For the first time since 2005, a single studio will own the top three spots at the domestic box office.
Universal is essentially the only game in town over the July 4 holiday weekend, with DreamWorks’ The Boss Baby: Family Business opening in theaters and on Peacock alongside the “in theaters only” debut of Blumhouse and Platinum Dunes’ The Forever Purge. Relative to “Covid curves,” both franchise titles are doing squarely “okay.” DWA’s The Boss Baby: Family Business opened with $7.72 million on Friday, good enough for a likely $20 million Fri-Sun/$26.4 million Fri-Mon holiday debut. Yes, that’s way below the $50 million Fri-Sun debut of The Boss Baby in 2017, but that was to be expected (see also: Peter Rabbit 2 and The LEGO Movie 2). If Universal thought this sequel had any chance in hell of matching the $175 million domestic cume of its predecessor, they wouldn’t have concurrently put it on their streaming platform.
Like a lot of animated sequels, even to well-liked hit predecessors, Family Business is dealing with viewers who were only curious the first time, as well as a franchise that has shifted from a four-quadrants flick to a for-kids-only sequel. The Netflix animated series (Back in Business) has been both steadily popular and likely a reason for folks to feel like another theatrical chapter is no big deal. And that Boss Baby 2 cost $82 million, compared to $125 million for the first one, no one requires equivalent business. Offhand, earnings on par with The Croods: A New Age ($59 million domestic and $171 million worldwide on a $65 million budget in late 2020/early 2021) along with presumably solid PVOD revenue (after a 60-day Peacock/theatrical window) will probably be “okay” for this one.
The Forever Purge continued its ghoulish tradition of opening over the July 4 weekend, again marking it as America’s most genuinely patriotic (as opposed to nationalistic) franchise. It is beyond sad that it 25 years we’ve gone from Independence Day being an idealistic fantasy to friggin The Purge: Election Year (which ended with not-Hillary Clinton winning over not-Donald Trump and abolishing Purge Night) being an idealistic fantasy. That’s partially what the $25 million-budgeted The Forever Purge is about. The “series finale” earned $5.72 million on Friday for a likely $13 million Fri-Sun/$16.25 million Fri-Mon debut. That’s not great (The Forever Purge earned $17 million Fri-Sun/$31 million Wed-Sun), but there’s a reason horror movies have been left mostly holding the bag this summer. They are cheap enough to take a relative dip and still break even.

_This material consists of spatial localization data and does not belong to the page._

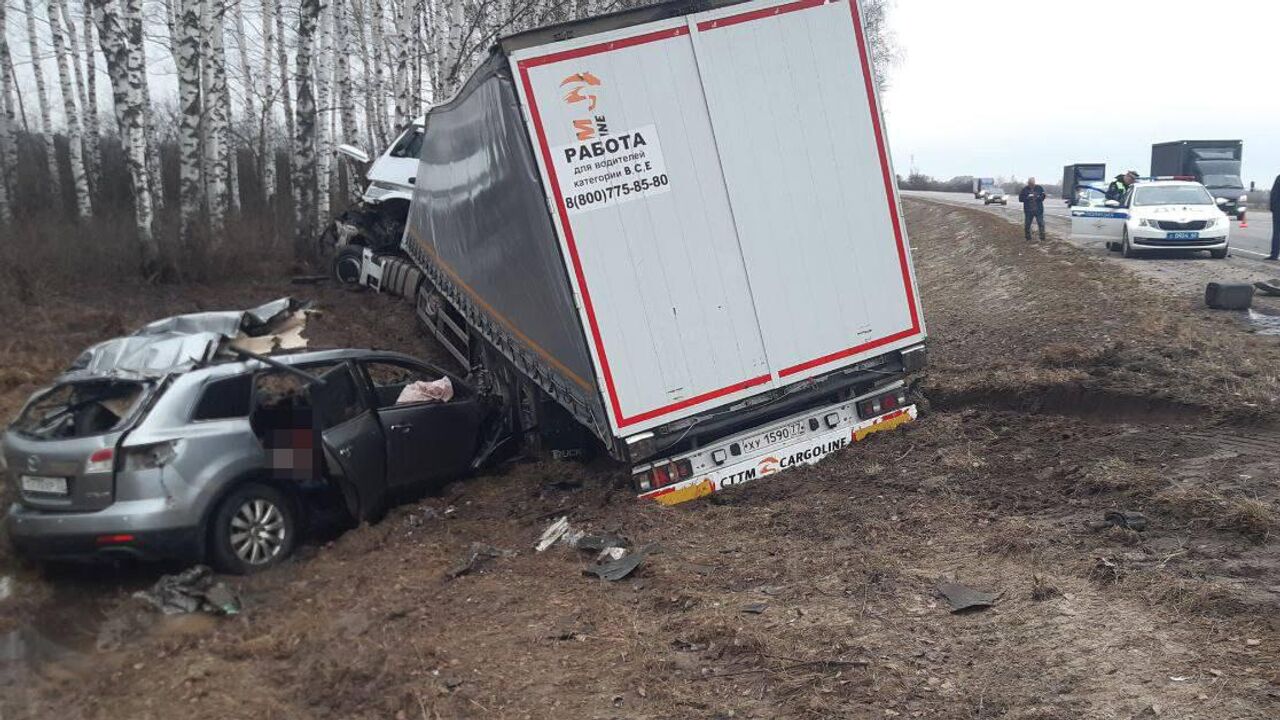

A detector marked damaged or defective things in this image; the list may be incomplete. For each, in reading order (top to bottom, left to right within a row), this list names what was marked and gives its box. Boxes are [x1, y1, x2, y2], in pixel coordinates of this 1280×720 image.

overturned semi-truck [396, 0, 924, 506]
crushed silver car [2, 300, 492, 572]
damaged car door [312, 362, 388, 520]
damaged car door [362, 360, 488, 490]
broken vehicle part [936, 580, 996, 612]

Yes, for the first time in forever (February 2005), a single studio will own the top three spots at the domestic box office. Sony did it with the opening weekend of Will Smith’s Hitch ($44 million, still the top debut for a straight-up romantic comedy) and holdover business from Boogieman (a horror flick with a great trailer) and Ice Cube’s Are We There Yet? Say what you will about them, but they were all star-driven or concept-driven originals. By the way, Universal last pulled this off in September of 1989, thanks to Sea of Love (Al Pacino’s comeback flick and a precursor to 90’s-era erotic thrillers), Uncle Buck (the final movie of the pre-Home Alone era of John Hughes’ career) and Parenthood (back when a terrific family dramedy could leg out to $100 million).
A24’s Zola opened on Wednesday as one of the big arthouse/indie darlings of the season. Absent Covid-specific circumstances, this well-reviewed and buzzy comedy/thriller (based on an infamously viral non-fiction Twitter thread) likely would have platformed in conventional circumstances. However, especially with the Arclight currently closed and the new normal of buzzy flicks using their theatrical releases as glorified marketing campaigns for the swift (probably closer to a month than 90 days, natch) PVOD release, A24 went wide into 1,468 theaters. Cue a $445,000 Friday for a likely $1.15 million Fri-Sun/$1.5 million Fri-Mon and $2.3 million Wed-Mon debut. That’s fine considering the under-$5 million budget and the expectation that the Taylour Paige/Riley Keough caper (which is quite a bit of fun, natch) will do well on PVOD thanks to folks who might have seen it in theaters in non-pandemic circumstances.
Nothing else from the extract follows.